### GOAL OF THE EXERCISE
From the line containing "In this video, we'll" through the last line of the records below, each line is to be repeated exactly; pictures are to be omitted.

--- MATERIAL TO PROCESS Enclosed Below ---

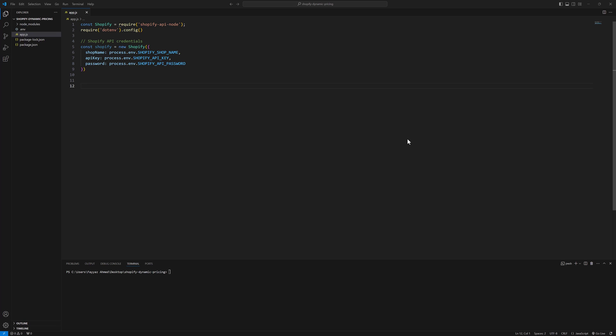Hello everyone, welcome back to my channel. In this video I will walk you through how you can dynamically update prices of your Shopify store products. I have installed these packages in Node.js: Shopify API Node and dotenv package.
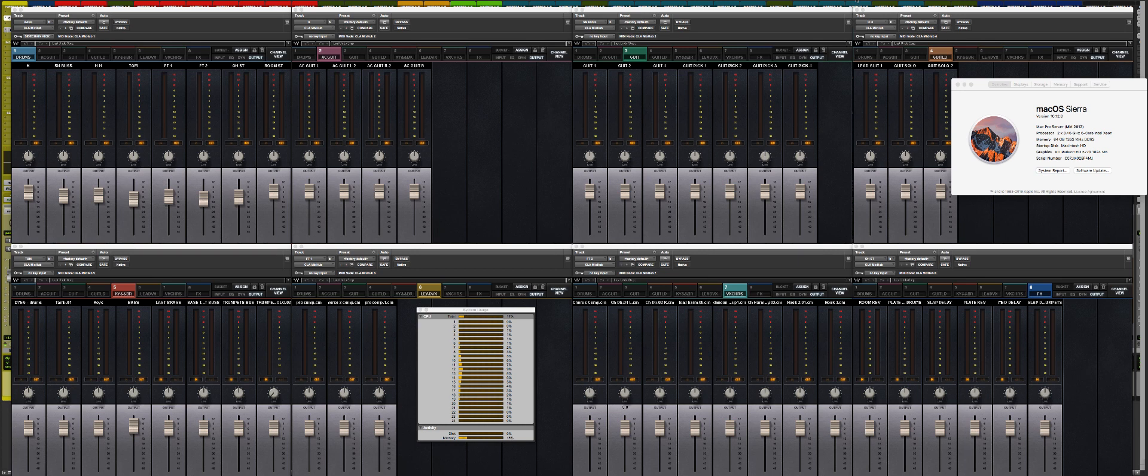As you can see, I'm running a mid-2012 with a 12-core and 64GB RAM computer, and I'll leave the system window open so you guys can see how much power it's using. Let's check it out.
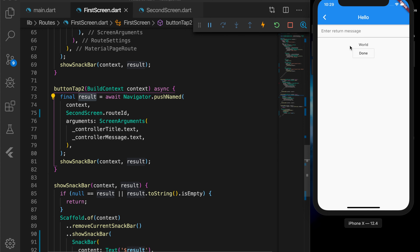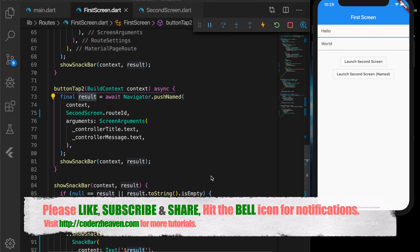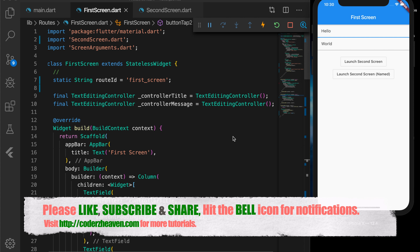So that's all in this video. Hope you liked it. If you did, please don't forget to like, subscribe, and share. Hit the bell icon for notifications. Thanks for watching, and see you in the next video.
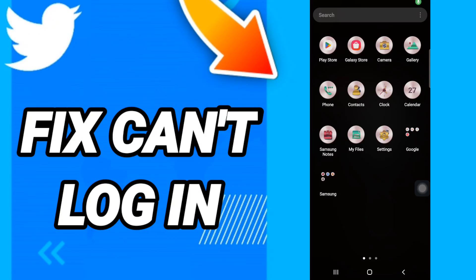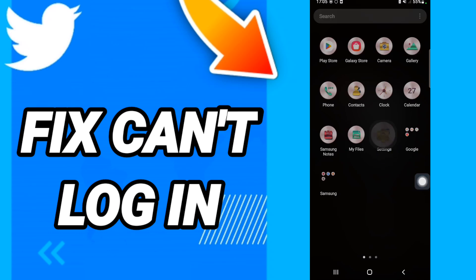Hi everyone, today we'll talk about how to fix Twitter account login. To solve Twitter account login issues, you should go to settings like this and click.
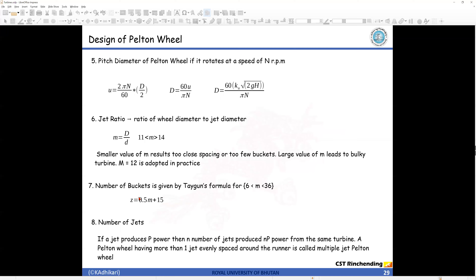Step 7: number of buckets. This is given by Kagan's formula, which operates for jet ratios between 6 and 36: number of buckets = (jet ratio / 2) + 15. Step 8: number of jets. If one jet produces power P, then n jets produce n×P power — increasing the number of jets increases the total power proportionally. Multiplying the power from one jet by the number of jets gives the overall total power.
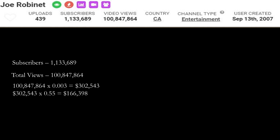Of course, YouTube gets to cut the revenue. YouTube gets 45% and this channel gets 55%. So you have to do $302,543 multiplied by 0.55, and you get $166,398. Daily subs is 814, monthly subs is 24,393.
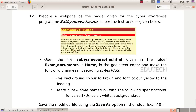Hi students. This SLC IT Sample Question is about CSS. Prepare a webpage as the model given for the cyber awareness program Satyamayavajayaday. Open the file Satyamayavajayaday.html given in the folder xandocuments in home, in the G-edit text editor and make the following changes in cascading styles: give background color brown and font color yellow to the heading.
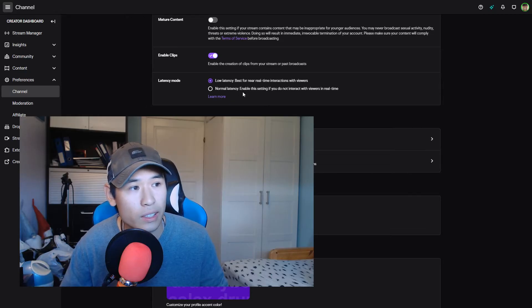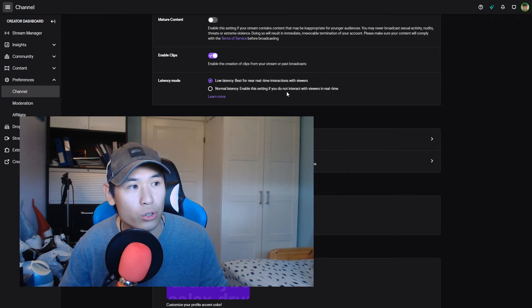The normal latency mode says: enable these settings if you do not interact with viewers in real time. Most big streamers use this one because normal latency mode is better for mods to see messages before they come on stream, so they can filter out any bad words, harassment, or toxicity. By the way, if you want to get a good luck have fun badge — a free badge showing you're against toxicity and want to support the gaming community without bullying or harassment — I just made a video about it, so you can check it out.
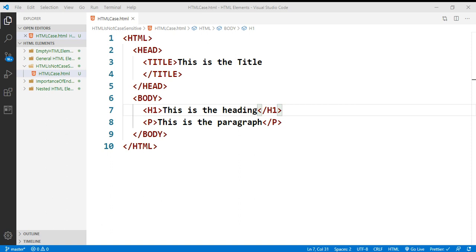XHTML stands for Extensible Hypertext Markup Language.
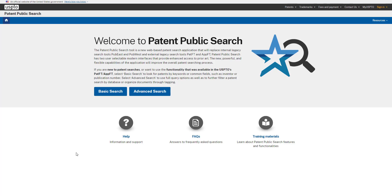In this video, we'll show you how to print a list of search results and how to print individual patent documents. Let's get started. Click on the Advanced Search button.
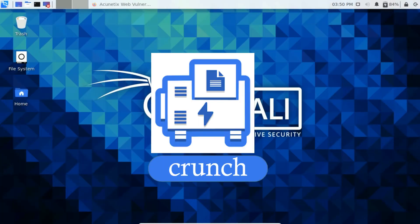The next tool is crunch. Kali Linux provides a tool to create a dictionary using a simple template. Crunch is a tool that helps you achieve this goal.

--- End of Enclosed MATERIAL TO PROCESS ---

### FINAL ANSWER
In this video, we'll show you how to print a list of search results and how to print individual patent documents. Let's get started. Click on the Advanced Search button.
The next tool is crunch. Kali Linux provides a tool to create a dictionary using a simple template. Crunch is a tool that helps you achieve this goal.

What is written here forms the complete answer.